High-Throughput Biology - From Sequence to Networks Module 13 Lab

This work is licensed under a Creative Commons Attribution-ShareAlike 3.0 Unported License. This means that you are able to copy, share and modify the work, as long as the result is distributed under the same license.

MODULE 13 LAB: PATHWAY OVER-REPRESENTATION ANALYSIS

By Jüri Reimand

Let’s get a few gene lists for analysis

TCGA article

Highlights:

Using the integrated data sets, the authors identified 127 significantly mutated genes as candidate cancer driver genes
Genes under positive selection, either in individual or multiple tumour types, tend to display higher mutation frequencies above background.
The statistical analysis identified 127 such genes
The mutational significance in cancer (MuSiC) package was used to identify significant genes for both individual tumour types and the Pan-Cancer sample cohort. Dees et al. MuSiC: Identifying mutational significance in cancer genomes. Genome Res. 2012
These significantly mutated genes are involved in a wide range of cellular processes, including transcription factors/regulators, histone modifiers, genome integrity, receptor tyrosine kinase signalling, cell cycle, mitogen- activated protein kinases (MAPK) signalling, phosphatidylinositol-3-OH kinase (PI(3)K) signalling, Wnt/b-catenin signalling, histones, ubiquitin- mediated proteolysis, and splicing (Fig. 2).

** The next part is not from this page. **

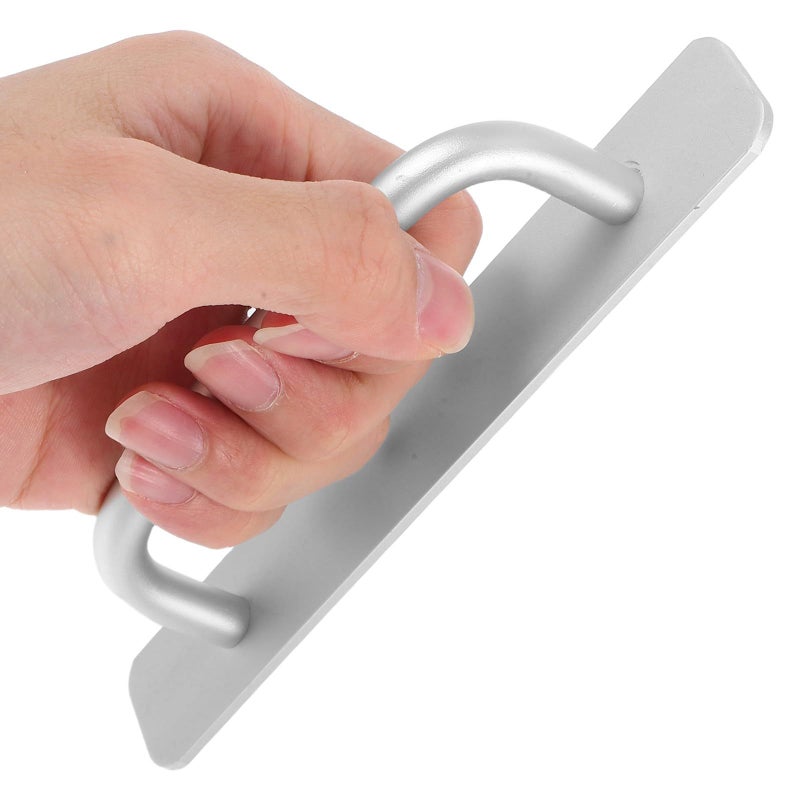 Aluminum Cabinet Door Handles 148mm Silver Adhesive Pulls For Wardrobe Kitchen - Image 5
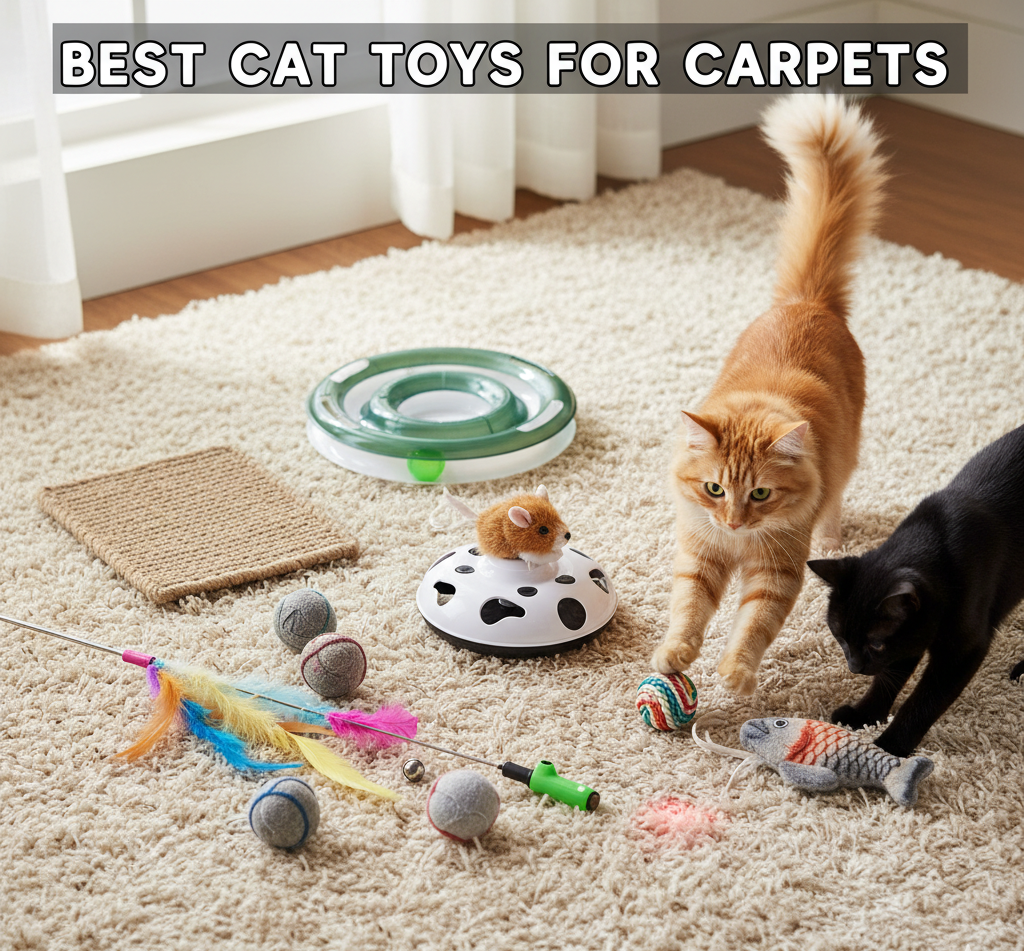 Best Cat Toys That Work on Carpet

Supplementary Data, Table 4

globally significant, frequency >= 1% for glioblastoma multiforme (GBM): 46
globally significant, frequency >= 1% for kidney renal clear cell carcinoma (KIRC): 53

GBM gene list
KIRC gene list

Let’s use g:Profiler to obtain enrichment results

g:Profiler

First set the parameters and filter gene sets to be analysed:

Parameters

Note that input genes are ordered according to p-value so the Ordered Query option is appropriate.

Then paste the gene list (GBM shown here) and press g:Profile to start the analysis.

Scroll down to see significantly enriched pathways and processes. Scroll right to see gene annotations of GO processes (colored) and Reactome pathways (black; scroll further down).

Parameters

Browse results:

Click on numbers in the column n. of common genes to find genes that are part of a given process.
Click graph icon to see how processes are related to each other.
Check checkbox No electronic GO annotations and run query again. Now you see the enrichment analysis that uses only high-confidence gene annotations.
Uncheck checkbox Hierarchical sorting to reveal ranking of results by corrected p-value.
Scroll all the way down and look at parameters and gene information. In particular, pay attention to unidentified gene symbols. In GBM, the symbols MLL2, MLL3, MLL4 are outdated and should be replaced with current IDs.

For Enrichment Map construction (for next tutorial):

Set Output Type to Generic Enrichment Map (TAB).
Click on g:Profile to run analysis again.
Right-click on Download data in Generic Enrichment Map (GEM) format to save the file.
At the bottom of Advanced Options, find Download g:Profiler data as GMT and right-click the link name to save the zip file with gene-set annotations.
In the zip file, you will need the file hsapiens.pathways.NAME.gmt.

g:Cocoa – analysis of multiple gene lists:

g:Cocoa

Format your gene lists for g:Cocoa. You can analyse two or more gene lists by placing an identifier for every gene list before the gene list on a separate line:
```
> GBM_genes
PTEN
TP53
...
> KIRC_genes
VHL
PBRM1
..
```
Paste the gene list into the Multi-query field and click on g:Cocoa to start.

g:Convert – gene ID conversion:

g:Convert

Paste gene list into the Query box.
In the Target Database list, select the desired type of gene/protein identifiers, for example UNIPROTSWISSPROT. Click Convert IDs to continue.